Третья встреча | страница 51



Полицаи не стреляли. Как рассвирепевшие борзые, перебегали они от дерева к дереву, приближаясь к партизанам.

— Ну, стреляйте! — раздался над лугом звонкий девичий голос.

Он показался очень знакомым Охримчуку, однако узнать, чей голос, Кондрат не мог. «Да не она ли, часом, мимо меня ночью в город проходила?» — мгновенно пронеслось в сознании.

А девушка все продолжала:

— Что ж боитесь? В плен мы не сдадимся, все равно нас повесите…

— Не повесим! — прокричал кто-то из-за вербы.

— Если гарантируете нам жизнь, — это говорил уже тот, рыжеусый, прикладывающий ко лбу снег, — мы отдадим вам очень ценное донесение. Пусть только придет самый старший немецкий офицер.

Он остановился, вытащил из-за пазухи какой-то пакет и поднял его над головой. Из-за деревьев робко выглядывали полицаи.

— Офицер сейчас будет! — снова закричали за вербами.

Ждать в самом деле пришлось недолго. Послышался гул мотора, и вскоре на поляну выкатилась гусеничная бронемашина. Сделав крутой разворот, она затормозила. Открылись дверцы, и из стальной черепахи вьюном выскользнул эсэсовец с офицерскими погонами на плечах.

— Мы гарантируй жисть, если сдавайт сразу, — проскрипел он на ломаном русском языке. — Ежели ценный донесение давайт, вы будете жить. Этой слова оберста Мюллера.

— Согласны, пан офицер, — ответила девушка.

— Взять пакет! — скомандовал эсэсовец солдатам.

— Нет, нет, пан офицер, только вам лично. — Старый партизан протянул сверток.
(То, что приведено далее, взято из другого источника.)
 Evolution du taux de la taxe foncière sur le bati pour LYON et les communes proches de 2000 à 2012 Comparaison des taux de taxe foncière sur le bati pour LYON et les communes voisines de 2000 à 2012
Фашист сделал несколько шагов и только хотел взяться за сверток, как девушка кошкой вцепилась ему в горло. Солдаты, стоявшие возле бронемашины, бросились на выручку. Началась свалка. Вдруг расцвел черный букет дыма, и весь город всколыхнулся от глухого мощного взрыва. Охримчук издали увидел, как полетели в воздух какие-то клочья. Когда дым рассеялся, на месте, где стояли окруженные фашистами партизаны, чернела земля и валялись обугленные лохмотья.

В груди у Кондрата словно что-то оборвалось. Его руки обмякли, винтовка стала такой тяжелой, будто к ней привязали стопудовую гирю. Хотелось провалиться сквозь землю, погибнуть, развеяться дымом, лишь бы не ощущать позорящего стыда, выжигающего грудь. Он обхватил лицо руками, рухнул на землю и глухо зарыдал.

XII

Глухо стонет сосновый бор в непогоду. Рассвирепевшим зверем бросается он вдогонку студеному ветру. Трещат от натуги деревья, хлещут ветвями темноту, но узловатые корни крепко привязали стволы к земле. Отпыхтевшись, лес в исступлении шарахается назад, чтобы набрать разгон, и снова бросается в погоню за ветром. И гудит, гудит… А между стволами в безумном танце носится растрепанная вьюга, высвистывая тягучую, никогда не оканчивающуюся мелодию. Что-то тревожное и грозное слышится в глухом стоне.